In der zweiten Hälfte übernahm nun Gießen das Kommando. In der Defensive schaltete Leo Vrkas den sonstigen Karlsruher Topscorer Davorin Kuntic völlig aus, und in der Offensive glänzten Johannes Lischka und Marian Schick. Lischka erzielte zu Beginn des dritten Viertels gleich zehn Punkte und hatte damit großen Anteil an einem 13:0-Lauf der Gäste zur 47:38-Führung (25.). 18 seiner 19 Punkte erzielte er in der zweiten Halbzeit. Zudem kompensierte Schick – eigentlich als massiger Center eine Bank unter den Brettern – das Fehlen der Shooter Mavin und Okpara: Zwei seiner drei Dreier bei 50 Prozent Quote schoss er im dritten Viertel. Fünf Minuten vor dem Schluss bedeuteten zwei Freiwürfe von Nick Hornsby, der angeschlagen auf die Zähne biss, das 66:55, und in der 39. Minute war mit den Freiwurftreffern von Kraushaar zum 74:60 alles klar.

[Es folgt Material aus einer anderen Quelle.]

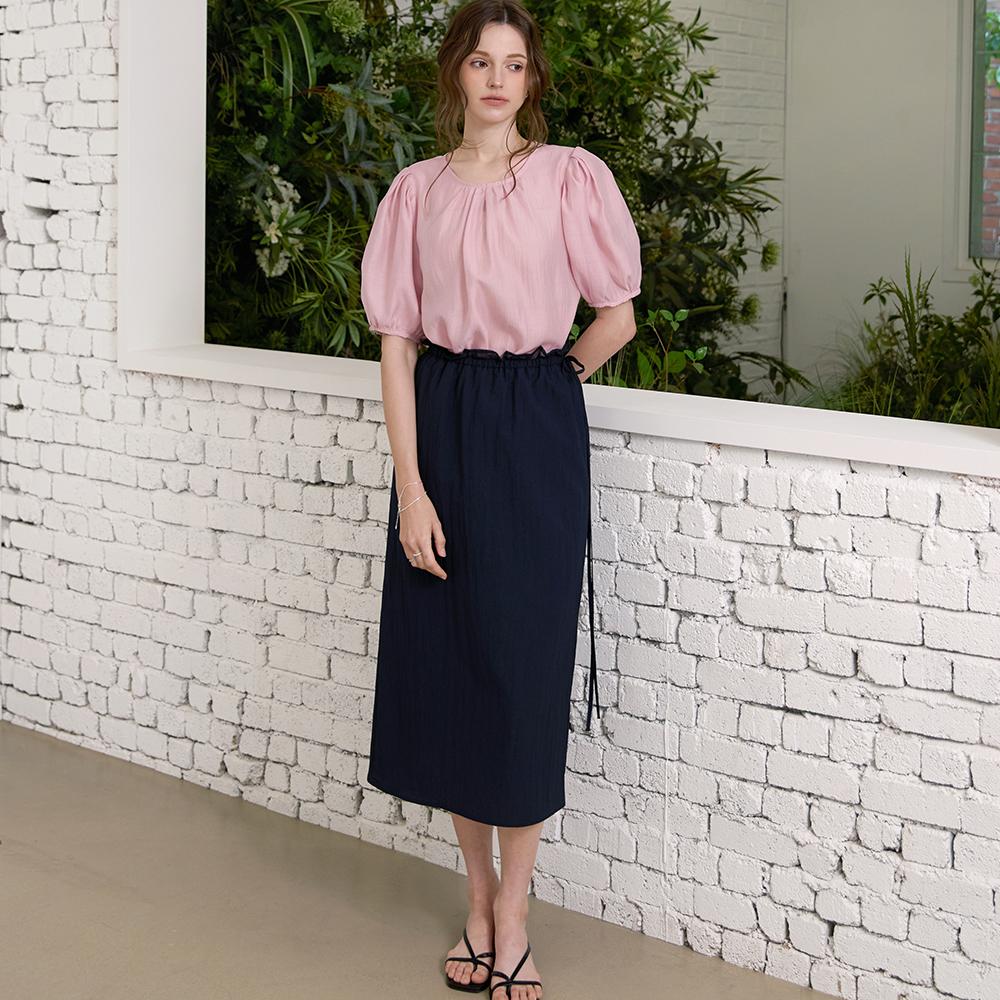 Kelly Donahue Light Anorak Banded Skirt Navy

"Wir haben den Kampf angenommen und in der zweiten Halbzeit die richtige Energie gehabt. Ich bin sehr zufrieden. Bjarne hat ein tolles Spiel gemacht, viel Verantwortung übernommen und die anderen gut in Szene gesetzt", lobte Scholz.

Karlsruhe: Rüeck (6/2), Schmitz (7), Kaufhold (6/2), Davis (8/2), Kuntic (9/2), Black (10), Rothenberg (4), Drezga (15/3), Prahst (2).

Gießen: Kraushaar (20/4; 6 Assists), Thurau, Pjanic (8/1), Lischka (19; 11 Rebounds), Schick (15/3), Vrkas, Okao (2), Hornsby (12).